> **ABOUT THIS EXERCISE**: Where the data below contains pictures, omit them; output the rest word for word.

> **DATA SEGMENT**:
>>>>>
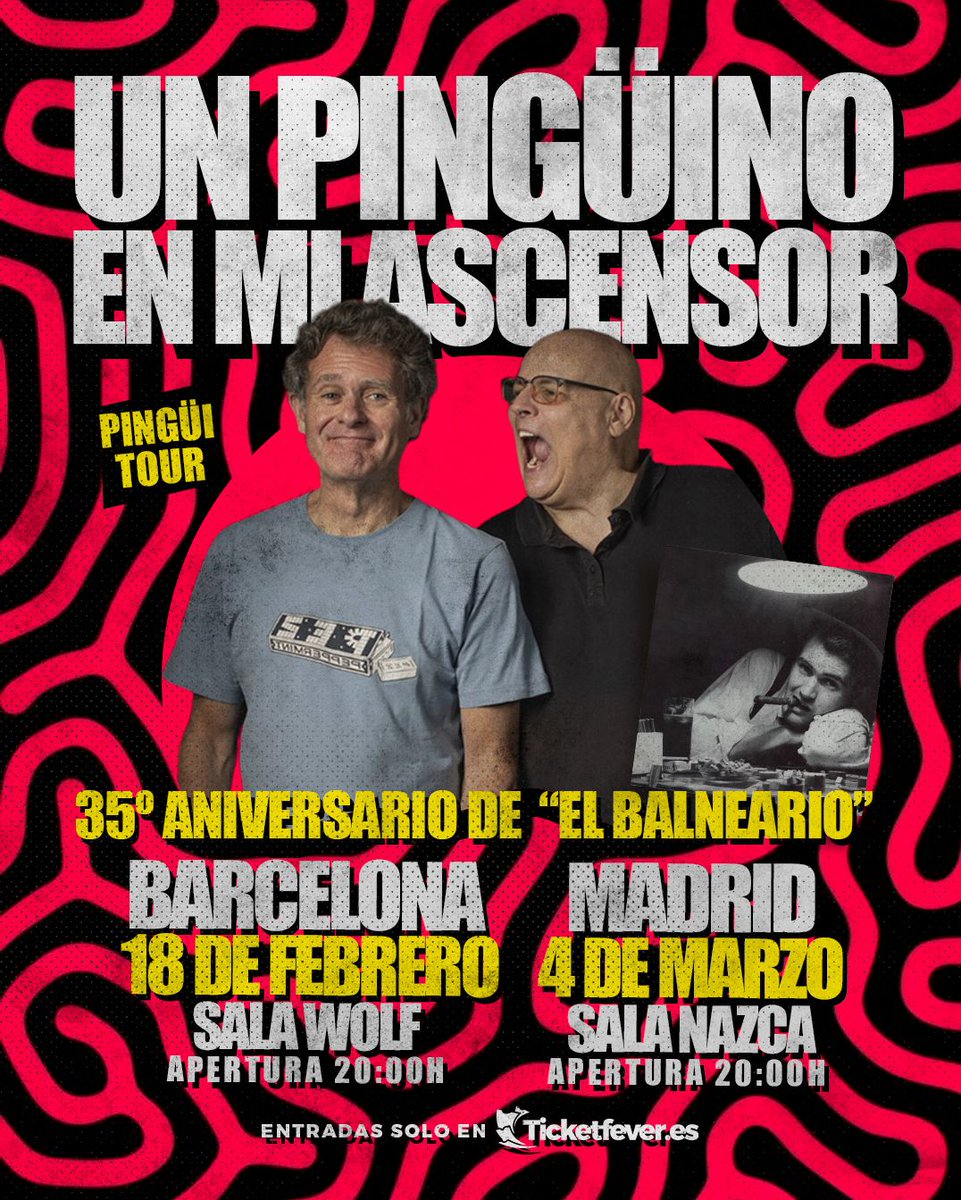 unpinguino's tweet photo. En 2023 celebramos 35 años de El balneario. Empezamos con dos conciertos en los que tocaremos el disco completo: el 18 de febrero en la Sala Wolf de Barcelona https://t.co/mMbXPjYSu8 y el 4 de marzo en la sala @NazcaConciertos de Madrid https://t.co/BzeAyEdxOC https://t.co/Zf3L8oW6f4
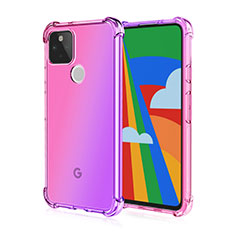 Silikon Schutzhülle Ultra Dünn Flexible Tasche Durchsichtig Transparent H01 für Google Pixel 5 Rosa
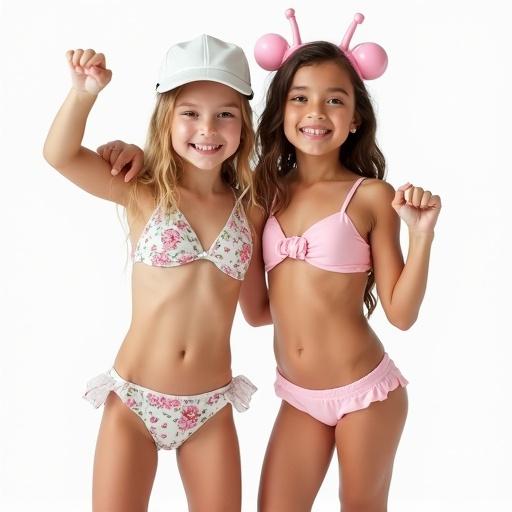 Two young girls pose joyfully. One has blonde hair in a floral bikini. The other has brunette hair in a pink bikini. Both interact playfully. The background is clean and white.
<<<<<
> **ANSWER TO THE EXERCISE**:
 unpinguino's tweet photo. En 2023 celebramos 35 años de El balneario. Empezamos con dos conciertos en los que tocaremos el disco completo: el 18 de febrero en la Sala Wolf de Barcelona https://t.co/mMbXPjYSu8 y el 4 de marzo en la sala @NazcaConciertos de Madrid https://t.co/BzeAyEdxOC https://t.co/Zf3L8oW6f4
 Silikon Schutzhülle Ultra Dünn Flexible Tasche Durchsichtig Transparent H01 für Google Pixel 5 Rosa
 Two young girls pose joyfully. One has blonde hair in a floral bikini. The other has brunette hair in a pink bikini. Both interact playfully. The background is clean and white.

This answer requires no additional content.